Proyectada por los arquitectos Eugène Beaudoin y Marcel Lods e inaugurada en 1935, el colegio de Suresnes se conformaba mediante una gran pantalla cerrada a la ciudad y completamente abierta a una ladera verde donde se desparramaban ocho módulos colosales exentos y despejados por tres lados que sí, tenían sus paredes de vidrio, pero las llevaban plegadas la mayor parte del tiempo. Una versión de la Open-Air School de Birmingham, pero construida 25 años después y en lenguaje arquitectónico rabiosamente moderno.

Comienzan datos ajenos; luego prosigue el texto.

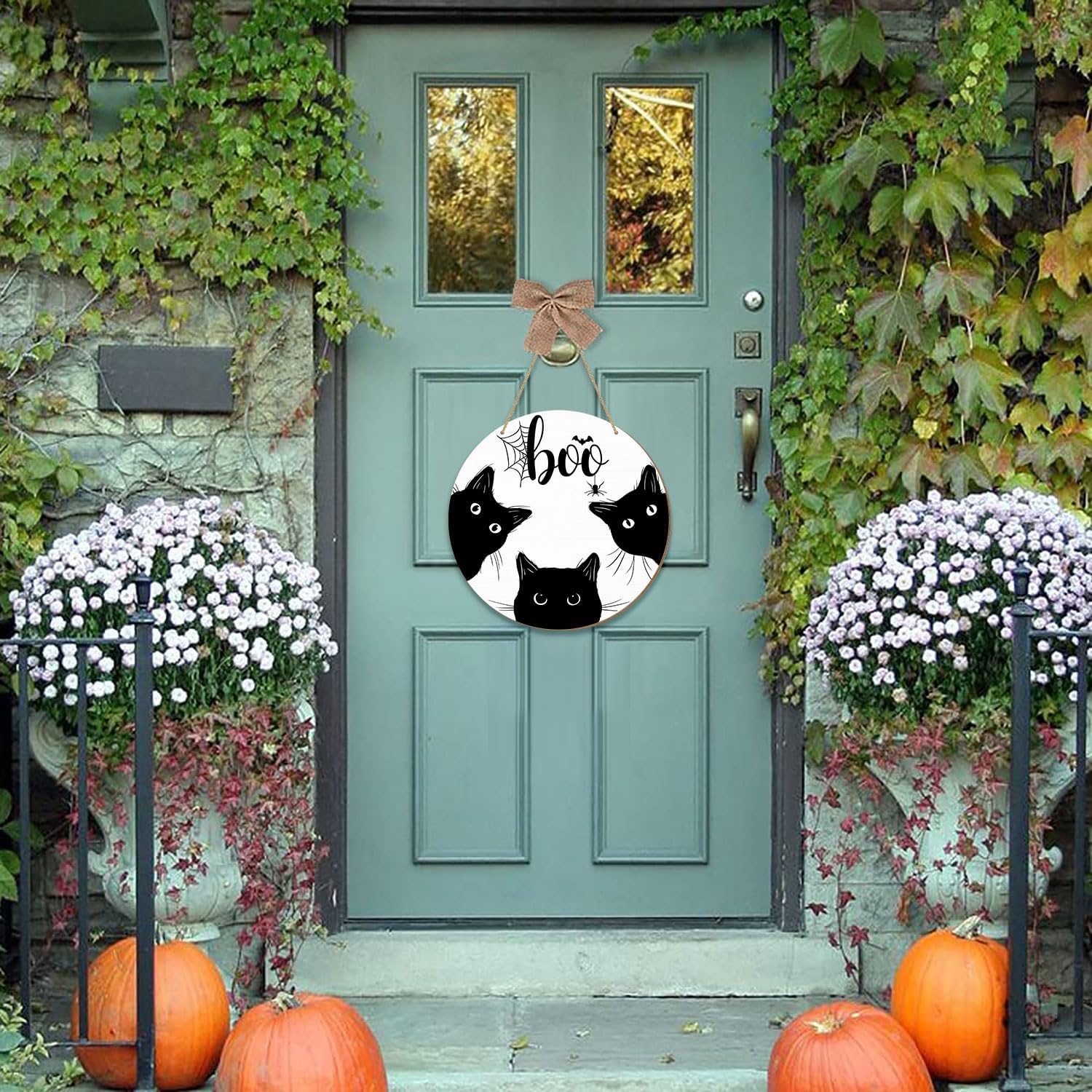 Halloween Black Cat Door Sign with BOO Text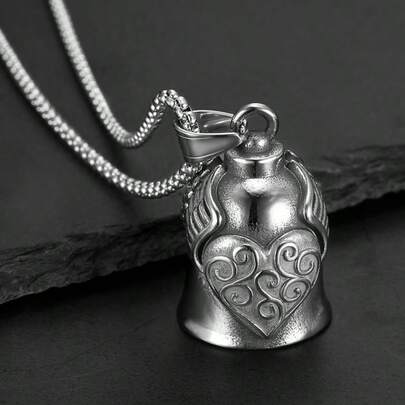 AD 1pc Light Gray Motorcycle/Bicycle Bell, Safety Riding Accessory, Stainless Steel Retro Punk Motorcycle Angel Wing Bell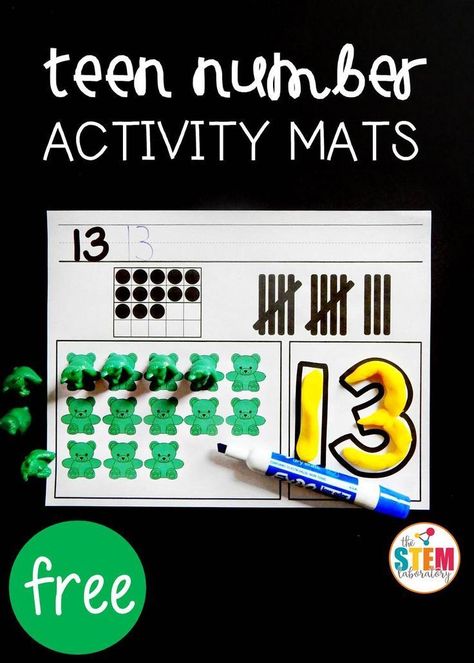 Free teen number activity mats! Fun, hands-on preschool or kindergarten math center. Kinder Math Centers, Preschool Valentine, Number Activity, Math Centers Kindergarten, Prek Math, Teen Numbers, Math Number Sense, Number Activities, Kindergarten Math Activities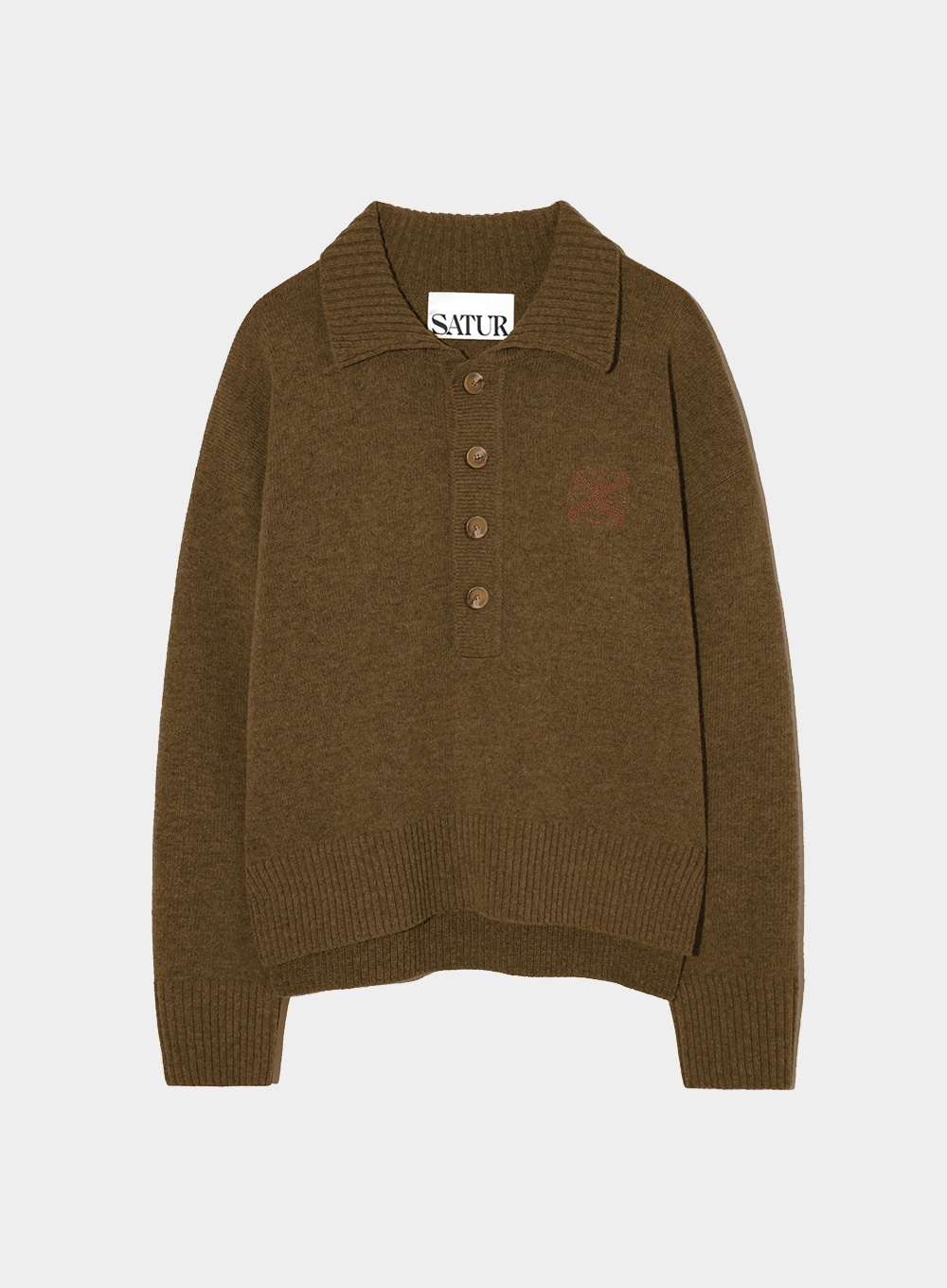 【SATUR】 ARLES KNIT : SADDLE BROWN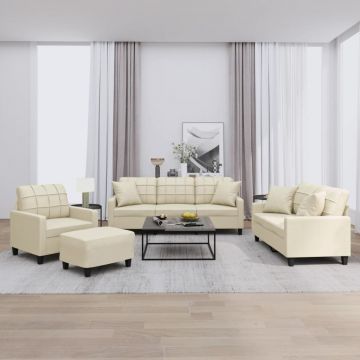 vidaXL Set de canapele cu perne, 4 piese, crem, piele ecologică
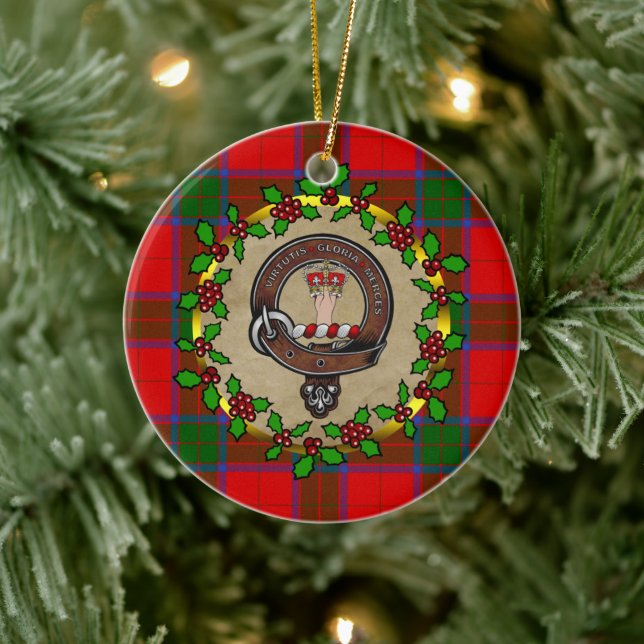 Décoration En Céramique Robertson Badge & Tartan Noël personnalisé (Arbre)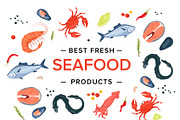 Seafood products set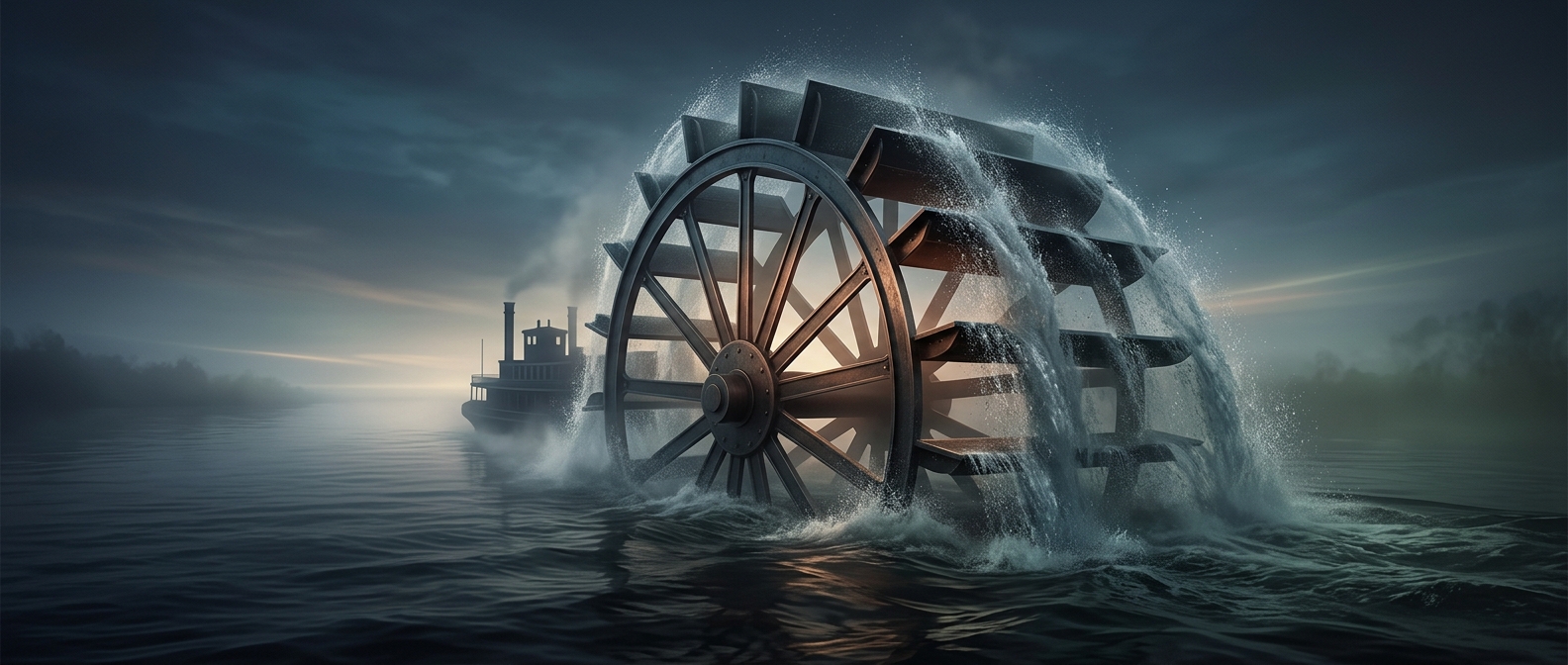 Paddlewheelers push water with a giant bucket wheel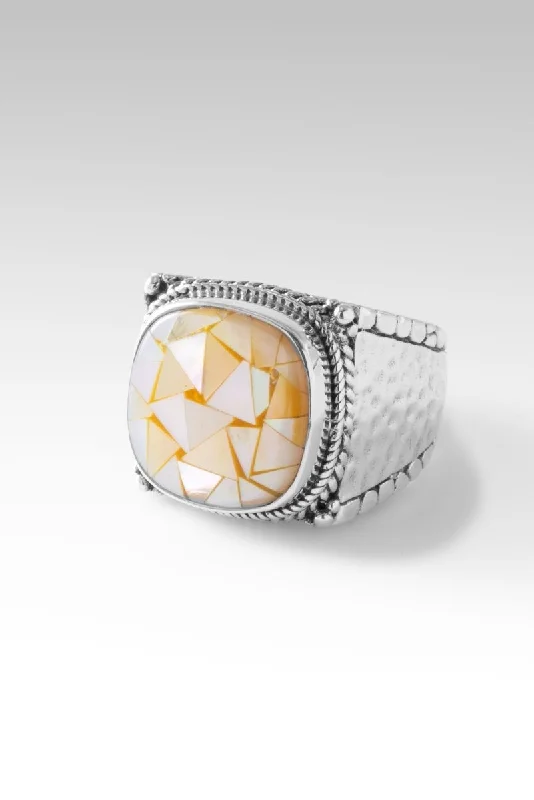 Peaceful Heart Ring™ in Golden Mother of Pearl Mosaic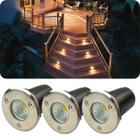 Kit 3 Balizadores Spot Led Cob 3W IP66 Bivolt De Embutir Piso Chão Gramado Caminho Jardim Branco Quente Ou Branco Frio - CBC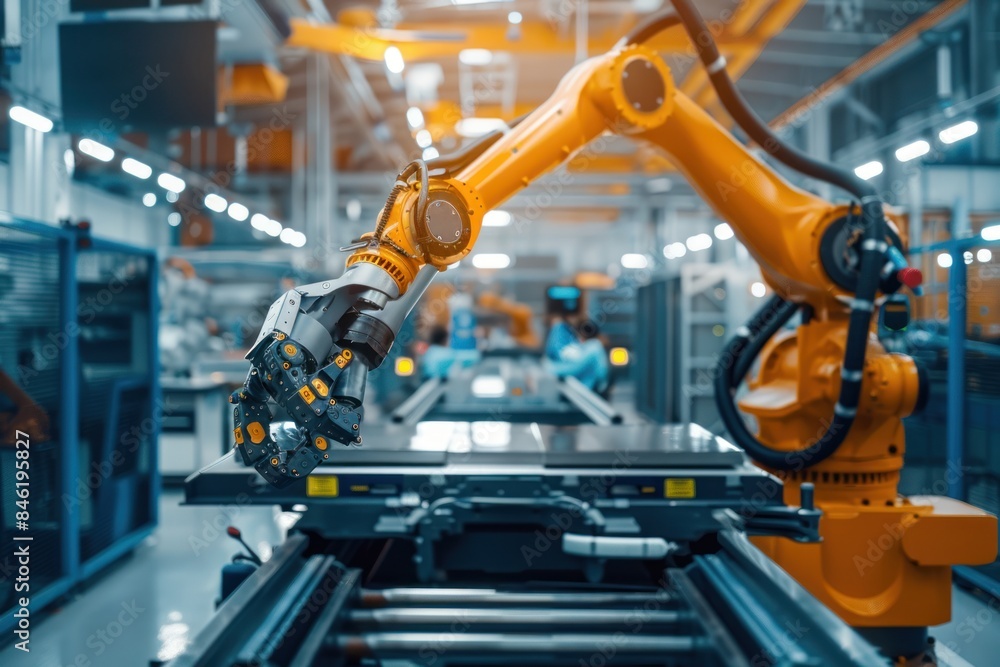 Poster industrial robot works automatically in smart autonomous factory.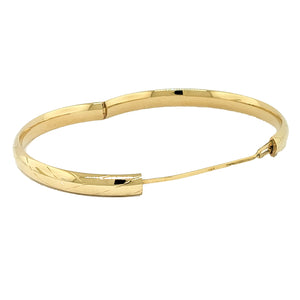 14K Y/G Engraved Bangle with an Expansion Opening 6.3mm Wide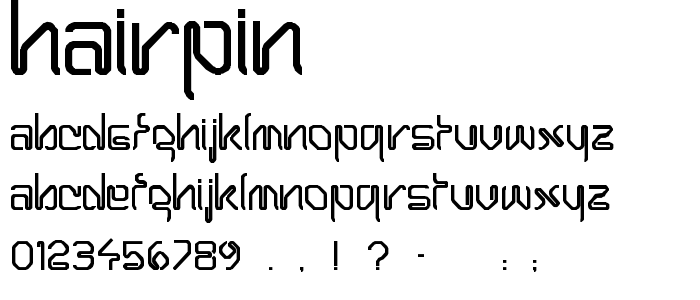 Hairpin font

Ecole de plein air, Suresnes. Wikimedia Commons

Además, en Suresnes no contaban solo con los estupendos beneficios del aire fresco, es que en la ladera había piscinas para bañarse, estanques, escalinatas, árboles para trepar y hasta una bola del mundo de seis metros de alto por donde la chavalada subía en una preciosa rampa helicoidal que, siendo sinceros, tenía más de juego que de estudio de geografía.

Porque bueno, como ya avancé al principio, lo de estudiar al aire libre servía para prevenir infecciones respiratorias y enfermedades contagiosas. Pero como también dije incluso más al principio de este reportaje, lo que mola del verano es hacer el oso, así que lo suyo sería poder seguir haciéndolo todo el año.